If you learned your US History in the south, there is a good chance you learned A LOT about Reconstruction after the Civil War. You may have even been taught that it wasn’t a Civil War (this is a true statement. Sometime, I’ll have to do a blog on this, but the “American Civil War” was not actually a civil war.) Southerners were taught about “the War Between the States” or “The War of Northern Aggression.” (I’m serious here. I married into a southern family for several decades, and these are critical distinctions for them) Most northerners are unaware that Reconstruction is a ridiculous misnomer. Little was rebuilt as much as southerners saw it as an attempt of northerners to rebuild southern society in the image of the north. Northern students, like me, were told the war was over, the North won, the slaves were freed, and things got much better…until rich “robber barons” took advantage of poor immigrant laborers who created labor unions to fight back.
NOTHING is taught in most northern classrooms about the years of federal military rule in the south, the confiscation and redistribution of southern lands, the decades where ex-confederate soldiers and local officials were denied the right to run businesses, the right to much of their own land, and even the right to vote. The bitterness against the freedmen down south was as much about their collaboration with federal reconstruction as it was about pure racism. Southerners are very aware of this history, northerners are woefully ignorant.
What does this have to do with the Lovings? It certainly is NOT a rationalization excusing what happened to them, but it continues to be at the heart of so much conflict in this country: local power versus federal authority. It’s this question that pitted Alexander Hamilton’s Federalist party against Thomas Jefferson’s opposition, which became the Democratic-Republican party. By the time Andrew Jackson renamed it the “Democrat” party, Jefferson’s party had become the party that opposed federal authority and enabled the earliest versions of “black codes” preventing slave education, evicting native tribes from their lands in the south to grow a booming cotton economy, and restricting even those free blacks who had bought their freedom.
What Richard and Mildred Loving were able to do, with the assistance of Life Magazine and the growing influence of television news, was to humanize individual people.
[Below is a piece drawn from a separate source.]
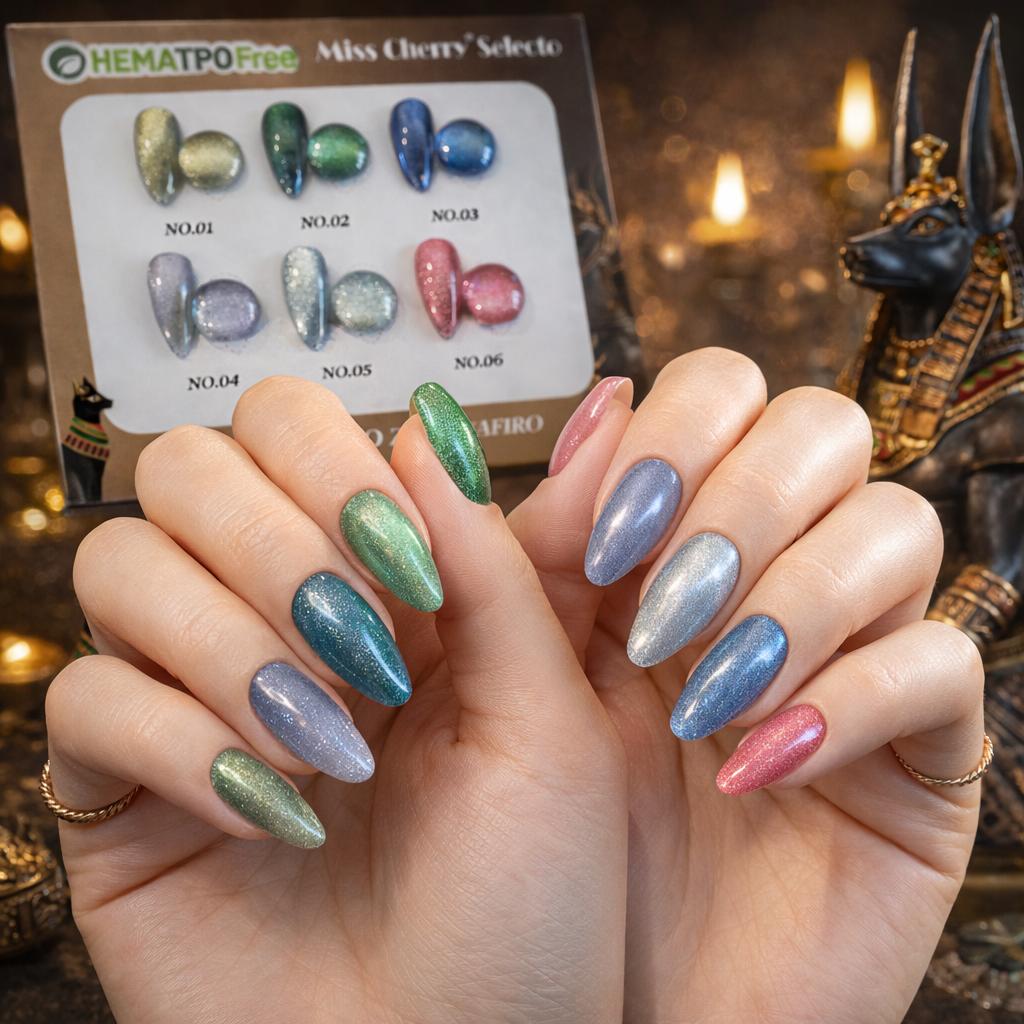 HEMATPOFree Miss Cherry Gama Anubis ojo de gato efecto gel uñas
To help Americans evolve their attitudes about “negroes” from racial stereotypes and see them as individual people. The movie Loving makes us feel it is somehow inconceivable that it was ever considered “ok” to tell people who they could and couldn’t marry or have a relationship with (their case was an important precedent in the Oberkefell case that opened up same-sex marriage). In the end, Loving may lead to a much more libertarian view by society that even the most well-intentioned societal legislation can be oppressive even if with the intention of doing good. 19th century southern society thought it was doing good by preserving the racial stratification that had served them well for centuries.(they believed it even kept things peaceful for black society. They “knew their place”)
It’s easy to see the injustice the Lovings endured today. The film does a great service by giving us such a beautifully portrayed telling of their tale. It forced me to ask an important question. Are we seeing any other “acceptable” injustices being committed today all in the context of what we believe puts us on “the right side of history?” Right side of history, indeed.